Indian well being advisory for uncommon virus infecting youngsters
Tomato flu — so called due to the painful red blisters it produces — has so far been detected in more than 100 children across three states since the first case was reported on May 6.
Hindustan Times | Hindustan Times | Getty Images
The emergence of a rare, new viral infection affecting young children has prompted health authorities in India to issue a health advisory after more than 100 cases were discovered in the country.
Tomato flu — so called due to the painful red blisters it produces — has so far been detected in 82 children aged under five in the state of Kerala, where the first case was detected on May 6.
An additional 26 cases have since been reported in neighboring Tamil Nadu state and Odisha in the east, where children as old as nine have been infected.
India’s health ministry has said that the virus is non-life-threatening but issued testing and prevention guidelines to all states this week, urging parents to be extra vigilant in checking their children for symptoms, the Times of India reported.
What is tomato flu?
Tomato flu is a highly contagious viral infection, which spreads via close contact particularly among young children aged under five.
Symptoms include fatigue, nausea, vomiting, diarrhea, fever, dehydration, swelling of joints, body aches, and common influenza-like symptoms, as well as the eponymous tomato-like blisters.

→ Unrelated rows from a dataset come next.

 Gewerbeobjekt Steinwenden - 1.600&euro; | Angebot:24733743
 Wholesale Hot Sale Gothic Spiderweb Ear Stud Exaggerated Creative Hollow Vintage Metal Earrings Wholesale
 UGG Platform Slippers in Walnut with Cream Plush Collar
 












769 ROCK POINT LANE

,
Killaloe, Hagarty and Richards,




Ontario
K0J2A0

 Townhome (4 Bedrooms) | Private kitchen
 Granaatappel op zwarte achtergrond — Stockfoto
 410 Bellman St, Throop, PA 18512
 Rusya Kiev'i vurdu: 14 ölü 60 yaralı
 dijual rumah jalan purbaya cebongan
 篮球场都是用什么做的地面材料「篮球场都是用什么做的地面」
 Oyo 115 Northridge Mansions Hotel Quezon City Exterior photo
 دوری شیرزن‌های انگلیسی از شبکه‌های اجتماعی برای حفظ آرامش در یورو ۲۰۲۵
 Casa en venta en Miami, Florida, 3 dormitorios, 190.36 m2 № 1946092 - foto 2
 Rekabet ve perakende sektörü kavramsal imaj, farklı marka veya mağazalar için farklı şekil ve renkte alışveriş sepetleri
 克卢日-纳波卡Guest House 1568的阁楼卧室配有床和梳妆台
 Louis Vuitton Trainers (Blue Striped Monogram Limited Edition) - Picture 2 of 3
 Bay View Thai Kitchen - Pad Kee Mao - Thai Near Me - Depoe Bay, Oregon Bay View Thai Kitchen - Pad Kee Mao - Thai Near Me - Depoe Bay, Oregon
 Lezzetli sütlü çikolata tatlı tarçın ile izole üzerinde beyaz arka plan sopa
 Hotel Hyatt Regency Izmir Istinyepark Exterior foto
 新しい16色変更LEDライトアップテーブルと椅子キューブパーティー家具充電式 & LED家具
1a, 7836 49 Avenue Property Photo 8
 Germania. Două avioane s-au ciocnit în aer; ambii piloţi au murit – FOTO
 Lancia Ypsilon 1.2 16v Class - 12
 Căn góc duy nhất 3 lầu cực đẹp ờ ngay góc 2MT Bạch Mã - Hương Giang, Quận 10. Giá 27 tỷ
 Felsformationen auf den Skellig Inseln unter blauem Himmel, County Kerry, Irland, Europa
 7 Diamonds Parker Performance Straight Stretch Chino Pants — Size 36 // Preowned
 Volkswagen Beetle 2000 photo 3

Scientists are still trying to identify the route cause of the virus. However, they say “it is not related to SARS-CoV-2 [Covid-19],” despite displaying some similar symptoms, according to an article published last week in British medical journal The Lancet.
More likely is that the virus is an after-effect of chikungunya or dengue fever, two viral diseases transmitted by mosquitos.
Alternatively, it could be a new variant of the viral hand, foot, and mouth disease, a common infectious disease targeting mostly children aged one to five years and immunocompromised adults.
Who can catch it and how?
Children are at increased risk of exposure to tomato flu as viral infections are common in this age group and spread is likely to be through close contact.
They are also at particularly high risk through their use of napkins, touching unclean surfaces, as well as putting things directly into the mouth.
However, older adults could be put at risk if the outbreak is not controlled and transmission limited.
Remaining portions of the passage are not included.